6 of 534 comments (clear)

  1. Re:Another misleading title by Neon+Spiral+Injector · · Score: 5, Informative

    No, since there was not CC license when the Flash demo was made, and there was no mention of copyright, then the default copyright laws apply. That is no derived works are permitted, period.

    The CC license now allows non-commercial derived works.

  2. Re:The enemy of my enemy may not be my friend... by Daniel+Boisvert · · Score: 4, Informative

    Another fact about this story that leaves me wondering -- the Klown website very sneakily says (paraphrased) as of 24 April is licensed under ... Well, inquiring minds want to know: PREVIOUS to 24 April, under which (if any) license was it released under?

    It's not sneaky. He released his stuff under the CC effective April 24. Previous to that he granted permission on a case-by-case basis to folks who asked if they could use his work, and standard copyright protections applied.

    (FYI--I know him; I'm not just pulling this out of my ass..)

  3. Re:Marketing... by gathond · · Score: 4, Informative

    The article states:
    Prior to the addition of the CC license on Klowner's wallpaper site, there was no specific copyright, although standard international copyrights still hold.

    And since (link on the article) the default with regard to copyright on works (art, or whatever) is that if there is no mention of something else things are copyrighted. It would stand to reason that if Linspire "borrowed" the art before the artist changed to the CC license, they were still breaking copyright laws, and so would anyone else who without the authors explicit permission copied the work in question.

    --
    --- For every complex problem, there is a solution that is simple, neat, and wrong. -- H. L. Mencken
  4. Re:Linspire are Lassholes by throughthewire · · Score: 4, Informative
    What I find more ironic is that this is coming up in the context of Free Software advocacy. Shucks, people freely share code that they spent hundreds of hours of their time on.... how about some artists doing the same?

    Umm... the artist in question did exactly that. These images are free for non-commercial usage (Creative Commons License.) The artist requires permission for non-commercial useage - if you're using his work to make a buck, you should share part of that buck.

  5. Re:Questions by Klowner · · Score: 4, Informative

    I didn't give them permission, because they never asked for it.

  6. Re:Linspire are Lassholes by JimDabell · · Score: 4, Informative

    How is it that Linspired contributed WINE, KDE, and Mozilla?

    You mean contributed to WINE, KDE and Mozilla? It's all there on the page I linked to. If you are having trouble reading, I'll quote:

    Lindows.com is the founder, maintainer, and lead sponsor for Nvu, a complete, easy-to-use Web Authoring System for Linux (such as FrontPage and Dreamweaver).

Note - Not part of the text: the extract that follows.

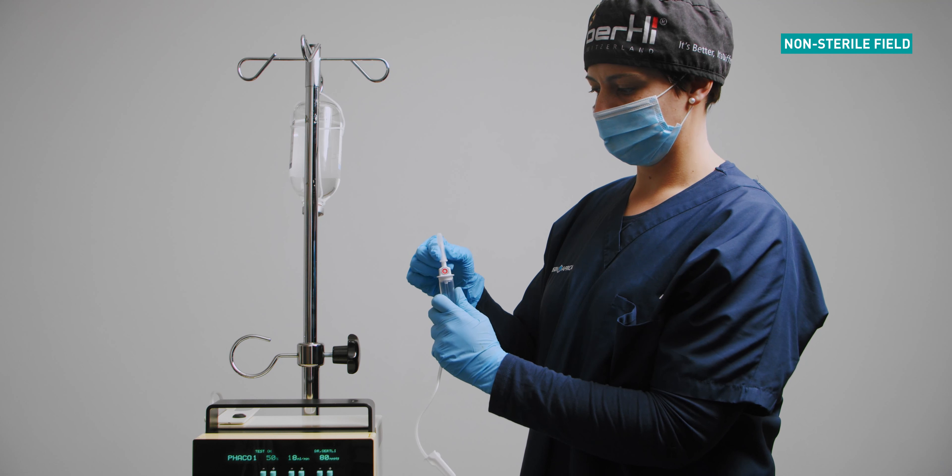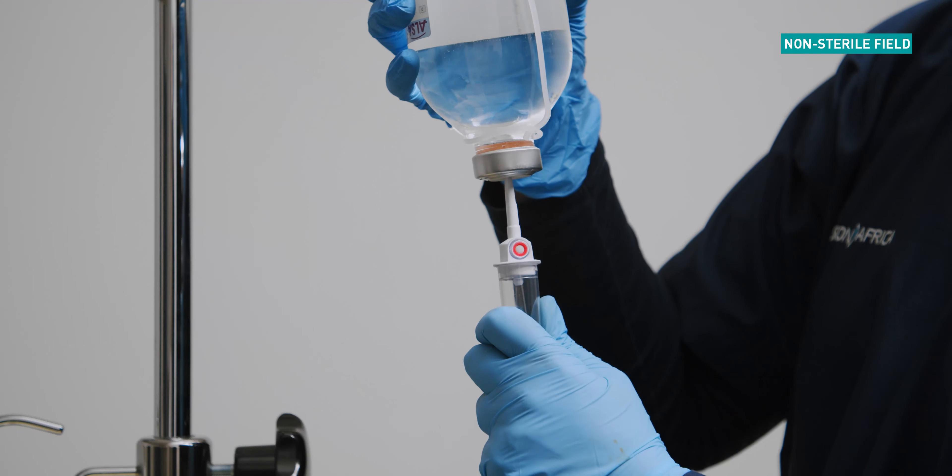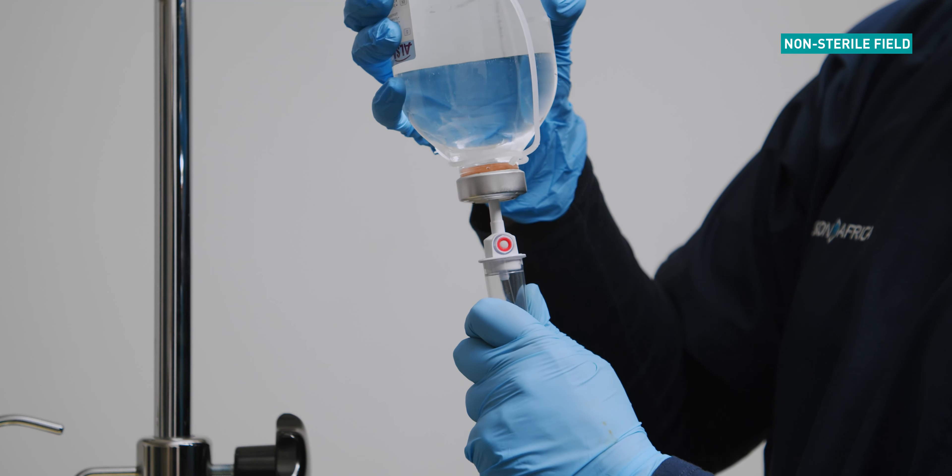Connect the admin set to the BSS bottle. Fill the chamber halfway with BSS by squeezing.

    Lindows.com contributed nearly a half million dollars to CodeWeavers, other 3rd-party developers, and our own in-house engineers to help get Microsoft Office to run on Linux with WINE. 100% of all the code we developed, as well as any code we've paid to have developed and continue to develop, was contributed back to the open source WINE tree.

    Lindows.com is a proud sponsor of the KDE League at the highest Corporate Affiliate level. All changes made to KDE are open source and the code is made available to be put in the main tree.

    Lindows.com is the proud sponsor of KDE-look.org. KDE-look.org is the premier site on the web to obtain icons, wall papers, themes, etc. for KDE.

    Lindows.com is a proud supporter of Mozilla. All changes made to Mozilla are open source and the code is made available to be put in the main tree.

    Lindows.com paid for the development of a "kids" theme for KDE which was then contributed to all as open source.

    Lindows.com sponsored the first wineCONF (http://lindows.com/wineconf) conference for WINE. (Video from the last conference, held at our offices in San Diego.) Additionally, we paid for the costs to have dozens of WINE developers from all over the world travel to this event.

    Lindows.com contributes all changes to Mozilla, Nvu, KDE, WINE, Debian, etc. back to these projects as well as making the source code available. (http://lindows.com/licensing).

    That looks like pretty substantial contribution to me. Yeah, they must really be assholes to give us all that!